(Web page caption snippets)
· · · ·
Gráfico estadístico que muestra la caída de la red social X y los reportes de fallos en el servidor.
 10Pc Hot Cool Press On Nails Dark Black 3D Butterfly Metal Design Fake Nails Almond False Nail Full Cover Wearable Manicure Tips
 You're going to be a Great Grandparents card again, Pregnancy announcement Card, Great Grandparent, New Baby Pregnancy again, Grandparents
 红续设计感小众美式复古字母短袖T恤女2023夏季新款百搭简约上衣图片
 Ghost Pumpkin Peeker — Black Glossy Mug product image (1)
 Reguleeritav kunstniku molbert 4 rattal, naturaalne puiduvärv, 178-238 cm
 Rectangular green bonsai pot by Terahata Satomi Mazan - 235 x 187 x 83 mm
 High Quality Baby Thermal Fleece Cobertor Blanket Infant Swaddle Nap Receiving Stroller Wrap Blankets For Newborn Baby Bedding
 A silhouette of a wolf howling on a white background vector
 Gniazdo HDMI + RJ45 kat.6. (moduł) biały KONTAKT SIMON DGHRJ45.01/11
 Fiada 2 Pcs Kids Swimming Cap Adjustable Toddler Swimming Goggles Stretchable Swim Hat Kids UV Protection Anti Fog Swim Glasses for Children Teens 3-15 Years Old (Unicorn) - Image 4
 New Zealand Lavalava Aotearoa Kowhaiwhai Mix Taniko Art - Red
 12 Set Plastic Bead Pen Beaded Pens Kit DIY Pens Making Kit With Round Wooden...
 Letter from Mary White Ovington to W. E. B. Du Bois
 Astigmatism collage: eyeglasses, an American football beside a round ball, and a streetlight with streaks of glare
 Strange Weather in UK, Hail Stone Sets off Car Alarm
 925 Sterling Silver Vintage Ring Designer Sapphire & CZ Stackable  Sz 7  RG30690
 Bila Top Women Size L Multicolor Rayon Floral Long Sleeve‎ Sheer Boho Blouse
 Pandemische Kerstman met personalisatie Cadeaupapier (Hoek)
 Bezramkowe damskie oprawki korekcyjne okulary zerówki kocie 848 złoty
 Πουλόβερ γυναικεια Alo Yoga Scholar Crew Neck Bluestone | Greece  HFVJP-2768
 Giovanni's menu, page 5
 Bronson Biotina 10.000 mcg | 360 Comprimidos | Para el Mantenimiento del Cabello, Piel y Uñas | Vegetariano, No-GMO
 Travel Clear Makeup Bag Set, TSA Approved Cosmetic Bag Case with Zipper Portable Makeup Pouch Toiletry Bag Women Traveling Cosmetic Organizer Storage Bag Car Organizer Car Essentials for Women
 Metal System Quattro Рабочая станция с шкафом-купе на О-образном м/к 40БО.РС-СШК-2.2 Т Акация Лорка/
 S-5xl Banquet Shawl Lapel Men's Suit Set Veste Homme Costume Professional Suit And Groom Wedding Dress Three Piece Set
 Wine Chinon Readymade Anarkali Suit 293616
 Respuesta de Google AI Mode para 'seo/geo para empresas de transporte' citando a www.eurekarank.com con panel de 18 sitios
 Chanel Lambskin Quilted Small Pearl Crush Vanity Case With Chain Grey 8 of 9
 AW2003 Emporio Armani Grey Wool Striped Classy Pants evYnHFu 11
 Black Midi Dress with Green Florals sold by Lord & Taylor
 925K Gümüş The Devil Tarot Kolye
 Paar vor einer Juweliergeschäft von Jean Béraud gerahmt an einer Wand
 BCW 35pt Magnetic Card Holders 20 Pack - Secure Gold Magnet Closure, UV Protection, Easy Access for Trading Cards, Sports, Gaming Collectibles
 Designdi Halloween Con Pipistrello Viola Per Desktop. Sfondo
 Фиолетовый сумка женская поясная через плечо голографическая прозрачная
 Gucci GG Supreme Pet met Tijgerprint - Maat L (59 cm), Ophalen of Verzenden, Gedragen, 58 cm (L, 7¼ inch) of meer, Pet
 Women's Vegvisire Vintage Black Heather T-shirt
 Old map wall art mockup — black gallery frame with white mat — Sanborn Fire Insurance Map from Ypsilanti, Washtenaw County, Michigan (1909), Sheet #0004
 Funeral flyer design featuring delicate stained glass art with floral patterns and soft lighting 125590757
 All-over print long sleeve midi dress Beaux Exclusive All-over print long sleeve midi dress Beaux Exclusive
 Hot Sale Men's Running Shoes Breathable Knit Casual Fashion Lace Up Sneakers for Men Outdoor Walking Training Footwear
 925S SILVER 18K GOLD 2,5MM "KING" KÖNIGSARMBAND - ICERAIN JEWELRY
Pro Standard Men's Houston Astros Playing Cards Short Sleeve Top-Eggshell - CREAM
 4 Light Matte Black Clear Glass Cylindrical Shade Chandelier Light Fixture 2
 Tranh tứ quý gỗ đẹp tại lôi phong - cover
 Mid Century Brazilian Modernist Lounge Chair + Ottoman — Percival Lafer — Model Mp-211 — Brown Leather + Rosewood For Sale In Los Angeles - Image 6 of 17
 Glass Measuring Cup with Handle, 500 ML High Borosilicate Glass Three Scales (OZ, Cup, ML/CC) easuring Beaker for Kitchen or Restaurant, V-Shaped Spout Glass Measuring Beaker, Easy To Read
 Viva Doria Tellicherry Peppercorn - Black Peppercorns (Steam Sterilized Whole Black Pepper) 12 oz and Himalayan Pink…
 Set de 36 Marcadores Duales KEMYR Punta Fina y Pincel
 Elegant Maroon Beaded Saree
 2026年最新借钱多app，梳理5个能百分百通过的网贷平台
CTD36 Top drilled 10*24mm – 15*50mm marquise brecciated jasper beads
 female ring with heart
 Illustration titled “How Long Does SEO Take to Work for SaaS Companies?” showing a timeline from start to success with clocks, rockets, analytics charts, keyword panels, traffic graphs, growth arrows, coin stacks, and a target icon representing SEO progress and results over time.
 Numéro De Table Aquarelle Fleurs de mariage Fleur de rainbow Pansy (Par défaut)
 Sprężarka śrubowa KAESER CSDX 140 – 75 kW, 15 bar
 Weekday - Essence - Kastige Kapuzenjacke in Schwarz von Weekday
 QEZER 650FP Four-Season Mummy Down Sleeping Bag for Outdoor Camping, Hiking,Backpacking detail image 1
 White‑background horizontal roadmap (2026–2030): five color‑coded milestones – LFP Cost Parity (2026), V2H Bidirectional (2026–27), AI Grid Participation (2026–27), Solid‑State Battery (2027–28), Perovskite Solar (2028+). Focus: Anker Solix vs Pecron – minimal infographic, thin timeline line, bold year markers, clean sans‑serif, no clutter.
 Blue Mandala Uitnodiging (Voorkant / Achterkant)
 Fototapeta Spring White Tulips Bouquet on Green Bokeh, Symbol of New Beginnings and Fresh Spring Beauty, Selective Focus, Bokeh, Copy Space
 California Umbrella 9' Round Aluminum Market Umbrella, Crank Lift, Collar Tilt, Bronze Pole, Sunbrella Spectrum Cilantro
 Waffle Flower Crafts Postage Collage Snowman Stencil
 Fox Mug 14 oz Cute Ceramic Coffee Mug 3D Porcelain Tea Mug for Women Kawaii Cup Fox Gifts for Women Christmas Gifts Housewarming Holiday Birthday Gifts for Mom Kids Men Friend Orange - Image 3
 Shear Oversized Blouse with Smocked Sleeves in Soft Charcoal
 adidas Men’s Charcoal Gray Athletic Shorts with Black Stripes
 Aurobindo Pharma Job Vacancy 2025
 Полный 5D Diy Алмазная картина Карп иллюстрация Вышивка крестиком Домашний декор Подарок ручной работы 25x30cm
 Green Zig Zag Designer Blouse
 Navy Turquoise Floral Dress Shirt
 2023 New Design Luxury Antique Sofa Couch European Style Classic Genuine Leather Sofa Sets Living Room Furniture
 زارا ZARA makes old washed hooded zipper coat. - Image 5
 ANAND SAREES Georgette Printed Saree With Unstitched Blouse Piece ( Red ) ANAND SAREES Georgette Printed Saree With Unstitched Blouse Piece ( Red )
· · · ·
WORK REQUEST - An exact reproduction of all the entries above is the expected answer.

THE ANSWER -
Gráfico estadístico que muestra la caída de la red social X y los reportes de fallos en el servidor.
 10Pc Hot Cool Press On Nails Dark Black 3D Butterfly Metal Design Fake Nails Almond False Nail Full Cover Wearable Manicure Tips
 You're going to be a Great Grandparents card again, Pregnancy announcement Card, Great Grandparent, New Baby Pregnancy again, Grandparents
 红续设计感小众美式复古字母短袖T恤女2023夏季新款百搭简约上衣图片
 Ghost Pumpkin Peeker — Black Glossy Mug product image (1)
 Reguleeritav kunstniku molbert 4 rattal, naturaalne puiduvärv, 178-238 cm
 Rectangular green bonsai pot by Terahata Satomi Mazan - 235 x 187 x 83 mm
 High Quality Baby Thermal Fleece Cobertor Blanket Infant Swaddle Nap Receiving Stroller Wrap Blankets For Newborn Baby Bedding
 A silhouette of a wolf howling on a white background vector
 Gniazdo HDMI + RJ45 kat.6. (moduł) biały KONTAKT SIMON DGHRJ45.01/11
 Fiada 2 Pcs Kids Swimming Cap Adjustable Toddler Swimming Goggles Stretchable Swim Hat Kids UV Protection Anti Fog Swim Glasses for Children Teens 3-15 Years Old (Unicorn) - Image 4
 New Zealand Lavalava Aotearoa Kowhaiwhai Mix Taniko Art - Red
 12 Set Plastic Bead Pen Beaded Pens Kit DIY Pens Making Kit With Round Wooden...
 Letter from Mary White Ovington to W. E. B. Du Bois
 Astigmatism collage: eyeglasses, an American football beside a round ball, and a streetlight with streaks of glare
 Strange Weather in UK, Hail Stone Sets off Car Alarm
 925 Sterling Silver Vintage Ring Designer Sapphire & CZ Stackable  Sz 7  RG30690
 Bila Top Women Size L Multicolor Rayon Floral Long Sleeve‎ Sheer Boho Blouse
 Pandemische Kerstman met personalisatie Cadeaupapier (Hoek)
 Bezramkowe damskie oprawki korekcyjne okulary zerówki kocie 848 złoty
 Πουλόβερ γυναικεια Alo Yoga Scholar Crew Neck Bluestone | Greece  HFVJP-2768
 Giovanni's menu, page 5
 Bronson Biotina 10.000 mcg | 360 Comprimidos | Para el Mantenimiento del Cabello, Piel y Uñas | Vegetariano, No-GMO
 Travel Clear Makeup Bag Set, TSA Approved Cosmetic Bag Case with Zipper Portable Makeup Pouch Toiletry Bag Women Traveling Cosmetic Organizer Storage Bag Car Organizer Car Essentials for Women
 Metal System Quattro Рабочая станция с шкафом-купе на О-образном м/к 40БО.РС-СШК-2.2 Т Акация Лорка/
 S-5xl Banquet Shawl Lapel Men's Suit Set Veste Homme Costume Professional Suit And Groom Wedding Dress Three Piece Set
 Wine Chinon Readymade Anarkali Suit 293616
 Respuesta de Google AI Mode para 'seo/geo para empresas de transporte' citando a www.eurekarank.com con panel de 18 sitios
 Chanel Lambskin Quilted Small Pearl Crush Vanity Case With Chain Grey 8 of 9
 AW2003 Emporio Armani Grey Wool Striped Classy Pants evYnHFu 11
 Black Midi Dress with Green Florals sold by Lord & Taylor
 925K Gümüş The Devil Tarot Kolye
 Paar vor einer Juweliergeschäft von Jean Béraud gerahmt an einer Wand
 BCW 35pt Magnetic Card Holders 20 Pack - Secure Gold Magnet Closure, UV Protection, Easy Access for Trading Cards, Sports, Gaming Collectibles
 Designdi Halloween Con Pipistrello Viola Per Desktop. Sfondo
 Фиолетовый сумка женская поясная через плечо голографическая прозрачная
 Gucci GG Supreme Pet met Tijgerprint - Maat L (59 cm), Ophalen of Verzenden, Gedragen, 58 cm (L, 7¼ inch) of meer, Pet
 Women's Vegvisire Vintage Black Heather T-shirt
 Old map wall art mockup — black gallery frame with white mat — Sanborn Fire Insurance Map from Ypsilanti, Washtenaw County, Michigan (1909), Sheet #0004
 Funeral flyer design featuring delicate stained glass art with floral patterns and soft lighting 125590757
 All-over print long sleeve midi dress Beaux Exclusive All-over print long sleeve midi dress Beaux Exclusive
 Hot Sale Men's Running Shoes Breathable Knit Casual Fashion Lace Up Sneakers for Men Outdoor Walking Training Footwear
 925S SILVER 18K GOLD 2,5MM "KING" KÖNIGSARMBAND - ICERAIN JEWELRY
Pro Standard Men's Houston Astros Playing Cards Short Sleeve Top-Eggshell - CREAM
 4 Light Matte Black Clear Glass Cylindrical Shade Chandelier Light Fixture 2
 Tranh tứ quý gỗ đẹp tại lôi phong - cover
 Mid Century Brazilian Modernist Lounge Chair + Ottoman — Percival Lafer — Model Mp-211 — Brown Leather + Rosewood For Sale In Los Angeles - Image 6 of 17
 Glass Measuring Cup with Handle, 500 ML High Borosilicate Glass Three Scales (OZ, Cup, ML/CC) easuring Beaker for Kitchen or Restaurant, V-Shaped Spout Glass Measuring Beaker, Easy To Read
 Viva Doria Tellicherry Peppercorn - Black Peppercorns (Steam Sterilized Whole Black Pepper) 12 oz and Himalayan Pink…
 Set de 36 Marcadores Duales KEMYR Punta Fina y Pincel
 Elegant Maroon Beaded Saree
 2026年最新借钱多app，梳理5个能百分百通过的网贷平台
CTD36 Top drilled 10*24mm – 15*50mm marquise brecciated jasper beads
 female ring with heart
 Illustration titled “How Long Does SEO Take to Work for SaaS Companies?” showing a timeline from start to success with clocks, rockets, analytics charts, keyword panels, traffic graphs, growth arrows, coin stacks, and a target icon representing SEO progress and results over time.
 Numéro De Table Aquarelle Fleurs de mariage Fleur de rainbow Pansy (Par défaut)
 Sprężarka śrubowa KAESER CSDX 140 – 75 kW, 15 bar
 Weekday - Essence - Kastige Kapuzenjacke in Schwarz von Weekday
 QEZER 650FP Four-Season Mummy Down Sleeping Bag for Outdoor Camping, Hiking,Backpacking detail image 1
 White‑background horizontal roadmap (2026–2030): five color‑coded milestones – LFP Cost Parity (2026), V2H Bidirectional (2026–27), AI Grid Participation (2026–27), Solid‑State Battery (2027–28), Perovskite Solar (2028+). Focus: Anker Solix vs Pecron – minimal infographic, thin timeline line, bold year markers, clean sans‑serif, no clutter.
 Blue Mandala Uitnodiging (Voorkant / Achterkant)
 Fototapeta Spring White Tulips Bouquet on Green Bokeh, Symbol of New Beginnings and Fresh Spring Beauty, Selective Focus, Bokeh, Copy Space
 California Umbrella 9' Round Aluminum Market Umbrella, Crank Lift, Collar Tilt, Bronze Pole, Sunbrella Spectrum Cilantro
 Waffle Flower Crafts Postage Collage Snowman Stencil
 Fox Mug 14 oz Cute Ceramic Coffee Mug 3D Porcelain Tea Mug for Women Kawaii Cup Fox Gifts for Women Christmas Gifts Housewarming Holiday Birthday Gifts for Mom Kids Men Friend Orange - Image 3
 Shear Oversized Blouse with Smocked Sleeves in Soft Charcoal
 adidas Men’s Charcoal Gray Athletic Shorts with Black Stripes
 Aurobindo Pharma Job Vacancy 2025
 Полный 5D Diy Алмазная картина Карп иллюстрация Вышивка крестиком Домашний декор Подарок ручной работы 25x30cm
 Green Zig Zag Designer Blouse
 Navy Turquoise Floral Dress Shirt
 2023 New Design Luxury Antique Sofa Couch European Style Classic Genuine Leather Sofa Sets Living Room Furniture
 زارا ZARA makes old washed hooded zipper coat. - Image 5
 ANAND SAREES Georgette Printed Saree With Unstitched Blouse Piece ( Red ) ANAND SAREES Georgette Printed Saree With Unstitched Blouse Piece ( Red )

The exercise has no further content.